Task statement =
Output exactly the lines below, starting with the line that has "IMG_7642.jpg" and going on through the line that has "들판에 농기계를 운전하고", both included, and no other lines.

Data to process START

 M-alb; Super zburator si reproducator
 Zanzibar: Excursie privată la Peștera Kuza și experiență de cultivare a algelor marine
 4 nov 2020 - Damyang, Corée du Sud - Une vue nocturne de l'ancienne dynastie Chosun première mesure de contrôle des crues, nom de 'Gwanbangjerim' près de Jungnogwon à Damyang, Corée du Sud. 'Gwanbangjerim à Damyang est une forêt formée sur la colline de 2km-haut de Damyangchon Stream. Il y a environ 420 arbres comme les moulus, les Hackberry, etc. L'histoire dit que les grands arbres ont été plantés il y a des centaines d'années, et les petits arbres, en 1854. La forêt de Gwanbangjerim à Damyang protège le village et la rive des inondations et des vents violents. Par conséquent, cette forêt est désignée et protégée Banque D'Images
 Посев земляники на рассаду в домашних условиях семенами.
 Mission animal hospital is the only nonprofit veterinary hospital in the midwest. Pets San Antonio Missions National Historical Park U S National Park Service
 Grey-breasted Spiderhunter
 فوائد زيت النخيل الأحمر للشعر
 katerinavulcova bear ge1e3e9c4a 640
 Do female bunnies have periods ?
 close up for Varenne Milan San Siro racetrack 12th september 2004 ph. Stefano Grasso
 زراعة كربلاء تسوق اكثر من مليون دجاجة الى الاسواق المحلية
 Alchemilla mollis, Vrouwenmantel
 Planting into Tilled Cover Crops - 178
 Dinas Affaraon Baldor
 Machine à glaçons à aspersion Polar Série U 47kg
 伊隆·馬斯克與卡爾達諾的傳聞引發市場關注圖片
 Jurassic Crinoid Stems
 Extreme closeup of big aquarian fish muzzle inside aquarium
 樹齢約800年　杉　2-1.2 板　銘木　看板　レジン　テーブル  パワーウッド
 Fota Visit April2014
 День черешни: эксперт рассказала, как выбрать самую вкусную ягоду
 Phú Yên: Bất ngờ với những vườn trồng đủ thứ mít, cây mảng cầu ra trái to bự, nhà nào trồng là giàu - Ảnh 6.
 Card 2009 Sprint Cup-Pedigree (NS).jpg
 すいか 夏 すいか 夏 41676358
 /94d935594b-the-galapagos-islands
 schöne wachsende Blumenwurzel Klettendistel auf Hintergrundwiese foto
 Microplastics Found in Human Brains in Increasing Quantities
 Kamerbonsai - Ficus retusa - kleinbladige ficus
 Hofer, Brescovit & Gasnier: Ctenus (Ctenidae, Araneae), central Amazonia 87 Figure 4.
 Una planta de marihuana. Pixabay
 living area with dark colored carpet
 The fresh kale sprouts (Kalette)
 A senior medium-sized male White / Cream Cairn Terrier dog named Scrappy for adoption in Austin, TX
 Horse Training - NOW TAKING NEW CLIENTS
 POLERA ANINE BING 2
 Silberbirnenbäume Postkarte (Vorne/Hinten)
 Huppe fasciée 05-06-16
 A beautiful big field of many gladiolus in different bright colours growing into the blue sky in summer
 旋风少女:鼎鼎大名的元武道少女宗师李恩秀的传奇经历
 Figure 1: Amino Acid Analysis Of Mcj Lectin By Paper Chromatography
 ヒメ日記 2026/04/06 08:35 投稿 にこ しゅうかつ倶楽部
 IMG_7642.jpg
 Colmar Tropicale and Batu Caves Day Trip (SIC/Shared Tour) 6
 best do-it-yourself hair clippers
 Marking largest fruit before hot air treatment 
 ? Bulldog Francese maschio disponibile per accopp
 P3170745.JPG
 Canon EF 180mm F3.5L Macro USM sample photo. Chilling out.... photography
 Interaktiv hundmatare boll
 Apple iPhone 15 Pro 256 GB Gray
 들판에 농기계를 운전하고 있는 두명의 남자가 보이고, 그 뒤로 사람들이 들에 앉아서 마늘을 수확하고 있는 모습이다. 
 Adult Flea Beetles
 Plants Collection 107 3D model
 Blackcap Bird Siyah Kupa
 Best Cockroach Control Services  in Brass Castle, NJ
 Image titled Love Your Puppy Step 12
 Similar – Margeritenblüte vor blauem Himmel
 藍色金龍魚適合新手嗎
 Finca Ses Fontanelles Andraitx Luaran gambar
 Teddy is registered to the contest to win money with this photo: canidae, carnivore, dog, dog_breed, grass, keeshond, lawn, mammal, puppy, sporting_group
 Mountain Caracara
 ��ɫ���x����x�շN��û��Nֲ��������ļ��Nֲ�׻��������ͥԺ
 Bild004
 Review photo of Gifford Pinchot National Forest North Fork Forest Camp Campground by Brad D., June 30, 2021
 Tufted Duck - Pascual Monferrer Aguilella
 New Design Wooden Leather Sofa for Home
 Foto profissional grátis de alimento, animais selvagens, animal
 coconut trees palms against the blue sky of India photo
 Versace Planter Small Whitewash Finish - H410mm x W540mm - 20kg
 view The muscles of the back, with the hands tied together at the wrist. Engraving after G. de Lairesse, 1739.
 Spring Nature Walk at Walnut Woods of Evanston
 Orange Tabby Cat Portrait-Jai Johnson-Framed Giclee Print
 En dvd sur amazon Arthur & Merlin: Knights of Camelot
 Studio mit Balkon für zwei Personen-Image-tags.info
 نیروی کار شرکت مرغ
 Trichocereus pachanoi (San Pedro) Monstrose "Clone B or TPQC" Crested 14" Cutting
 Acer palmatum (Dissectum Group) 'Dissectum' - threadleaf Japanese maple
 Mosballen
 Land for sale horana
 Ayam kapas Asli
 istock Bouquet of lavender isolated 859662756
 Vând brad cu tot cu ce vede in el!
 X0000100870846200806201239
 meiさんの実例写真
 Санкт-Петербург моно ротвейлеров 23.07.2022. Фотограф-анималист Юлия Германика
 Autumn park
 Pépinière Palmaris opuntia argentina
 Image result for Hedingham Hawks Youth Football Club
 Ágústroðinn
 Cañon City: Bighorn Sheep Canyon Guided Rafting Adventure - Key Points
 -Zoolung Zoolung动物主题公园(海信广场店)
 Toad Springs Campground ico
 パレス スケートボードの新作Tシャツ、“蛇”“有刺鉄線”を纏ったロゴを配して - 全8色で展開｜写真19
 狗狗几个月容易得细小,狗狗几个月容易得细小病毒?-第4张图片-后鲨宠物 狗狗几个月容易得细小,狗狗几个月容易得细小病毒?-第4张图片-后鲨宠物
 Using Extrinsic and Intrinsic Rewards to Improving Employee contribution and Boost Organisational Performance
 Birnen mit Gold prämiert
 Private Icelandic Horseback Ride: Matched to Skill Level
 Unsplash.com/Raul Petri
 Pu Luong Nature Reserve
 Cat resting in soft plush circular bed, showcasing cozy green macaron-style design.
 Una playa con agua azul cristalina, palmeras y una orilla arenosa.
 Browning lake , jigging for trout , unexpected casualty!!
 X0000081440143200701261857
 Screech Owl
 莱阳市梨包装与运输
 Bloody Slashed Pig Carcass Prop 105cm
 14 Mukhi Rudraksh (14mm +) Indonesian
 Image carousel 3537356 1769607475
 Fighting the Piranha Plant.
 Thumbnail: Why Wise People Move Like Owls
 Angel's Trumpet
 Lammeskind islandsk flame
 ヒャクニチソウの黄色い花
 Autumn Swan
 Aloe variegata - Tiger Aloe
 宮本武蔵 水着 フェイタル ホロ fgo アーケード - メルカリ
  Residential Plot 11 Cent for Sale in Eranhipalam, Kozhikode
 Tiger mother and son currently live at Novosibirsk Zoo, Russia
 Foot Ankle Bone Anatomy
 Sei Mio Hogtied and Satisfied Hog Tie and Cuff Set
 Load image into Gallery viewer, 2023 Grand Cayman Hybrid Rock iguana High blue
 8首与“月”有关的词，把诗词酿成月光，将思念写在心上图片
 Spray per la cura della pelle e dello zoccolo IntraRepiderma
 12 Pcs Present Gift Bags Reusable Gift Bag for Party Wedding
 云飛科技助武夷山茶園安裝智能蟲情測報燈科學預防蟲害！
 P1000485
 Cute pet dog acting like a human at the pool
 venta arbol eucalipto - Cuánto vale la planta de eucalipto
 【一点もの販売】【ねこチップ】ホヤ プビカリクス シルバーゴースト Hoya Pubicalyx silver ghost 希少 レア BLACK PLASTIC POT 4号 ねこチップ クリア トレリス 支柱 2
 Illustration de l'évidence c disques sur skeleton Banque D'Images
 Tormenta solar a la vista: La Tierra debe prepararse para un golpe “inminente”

Data to process END

Problem solution =
 IMG_7642.jpg
 Colmar Tropicale and Batu Caves Day Trip (SIC/Shared Tour) 6
 best do-it-yourself hair clippers
 Marking largest fruit before hot air treatment 
 ? Bulldog Francese maschio disponibile per accopp
 P3170745.JPG
 Canon EF 180mm F3.5L Macro USM sample photo. Chilling out.... photography
 Interaktiv hundmatare boll
 Apple iPhone 15 Pro 256 GB Gray
 들판에 농기계를 운전하고 있는 두명의 남자가 보이고, 그 뒤로 사람들이 들에 앉아서 마늘을 수확하고 있는 모습이다. 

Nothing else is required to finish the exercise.